**ASSIGNMENT**:
In duplicating the lines below, keep every word unchanged and drop the pictures.

**GIVEN DATA**:
- - - -

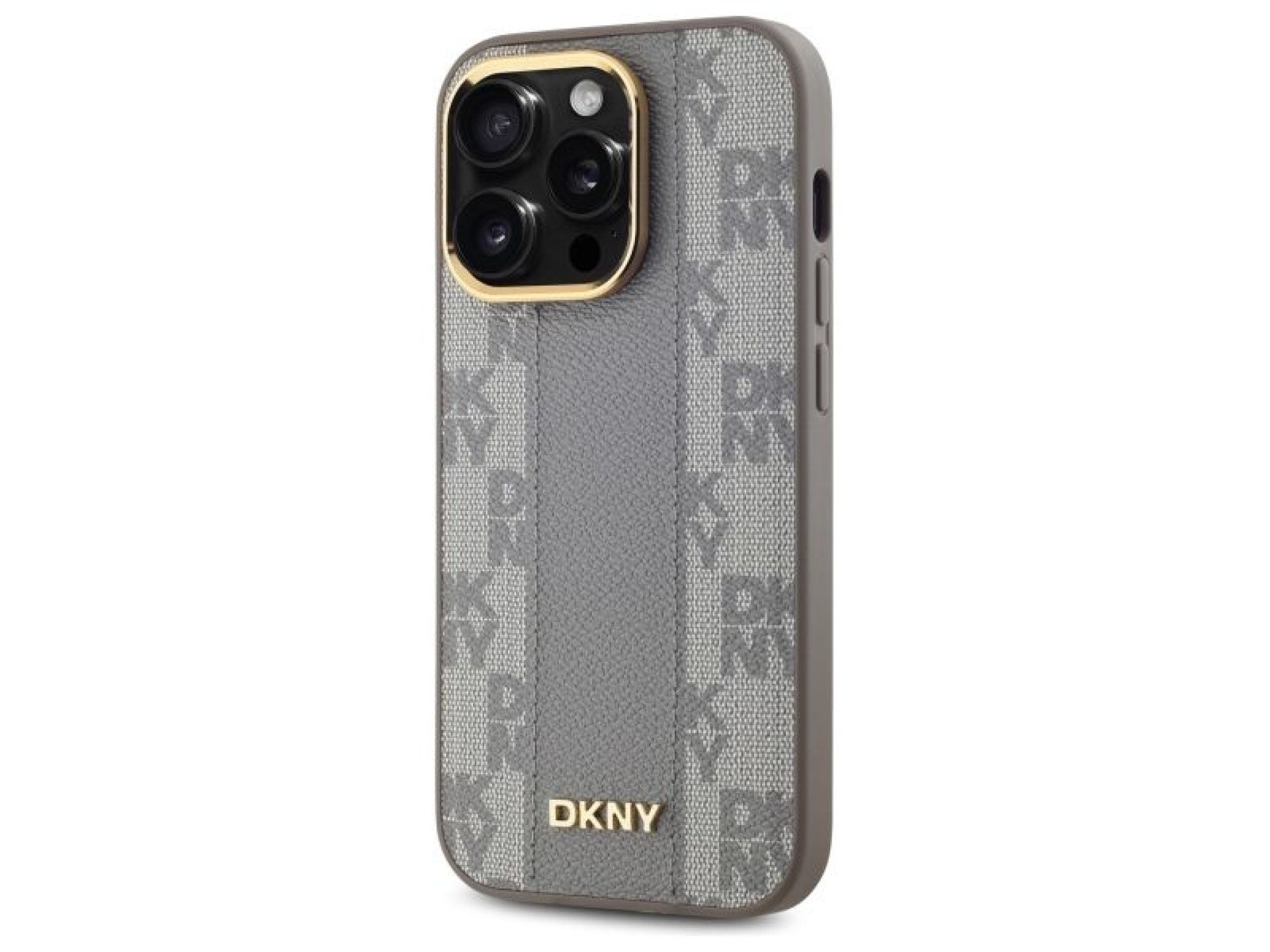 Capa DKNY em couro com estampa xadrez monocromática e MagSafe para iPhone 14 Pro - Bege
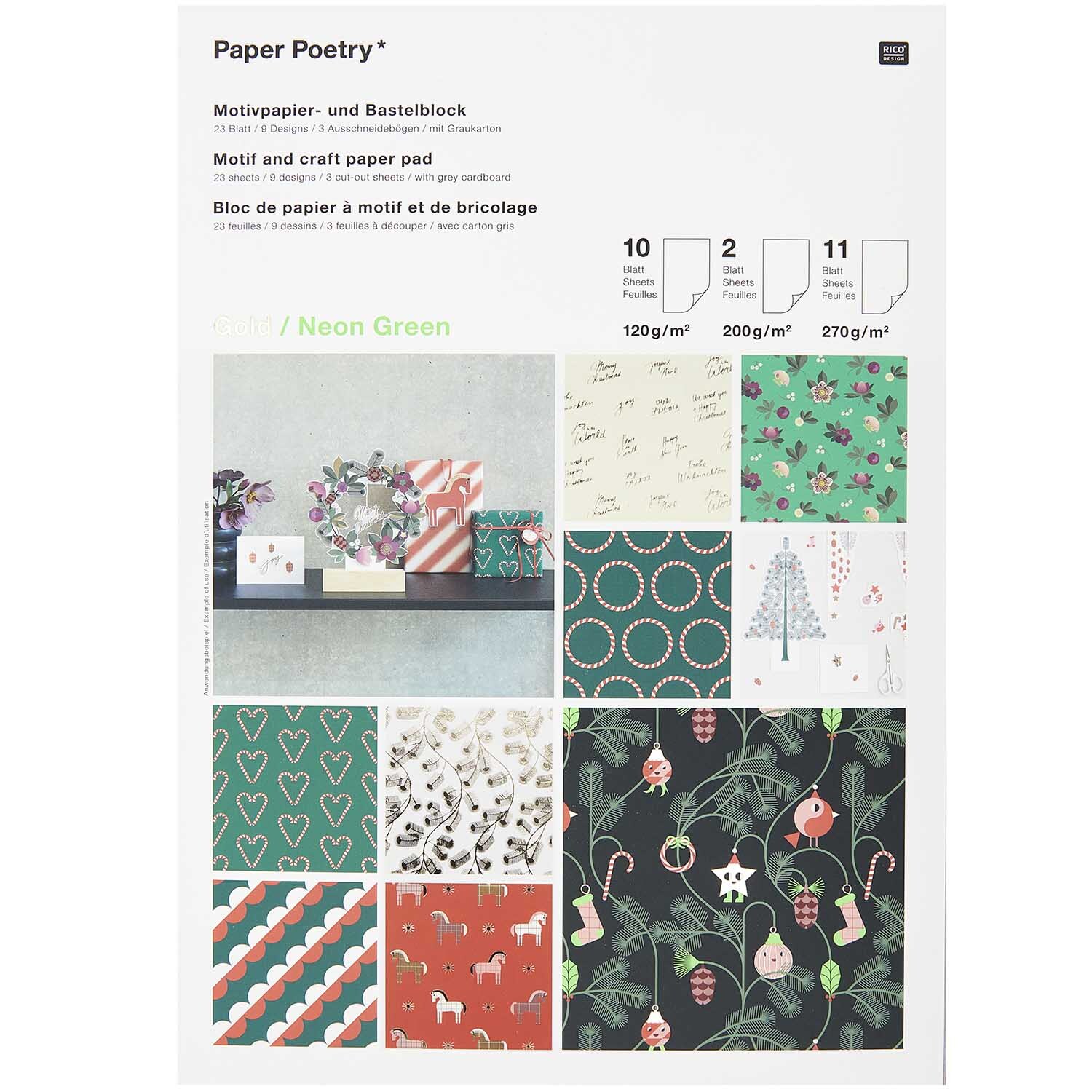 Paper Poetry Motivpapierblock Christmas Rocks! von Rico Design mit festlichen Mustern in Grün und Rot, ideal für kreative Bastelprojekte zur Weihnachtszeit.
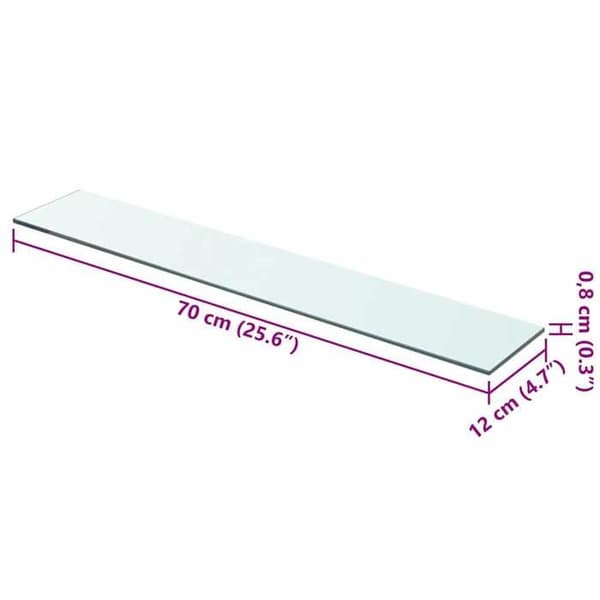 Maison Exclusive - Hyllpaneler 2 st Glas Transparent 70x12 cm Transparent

- - - -

**OUTPUT BELOW**:
 Capa DKNY em couro com estampa xadrez monocromática e MagSafe para iPhone 14 Pro - Bege
 Paper Poetry Motivpapierblock Christmas Rocks! von Rico Design mit festlichen Mustern in Grün und Rot, ideal für kreative Bastelprojekte zur Weihnachtszeit.
 Maison Exclusive - Hyllpaneler 2 st Glas Transparent 70x12 cm Transparent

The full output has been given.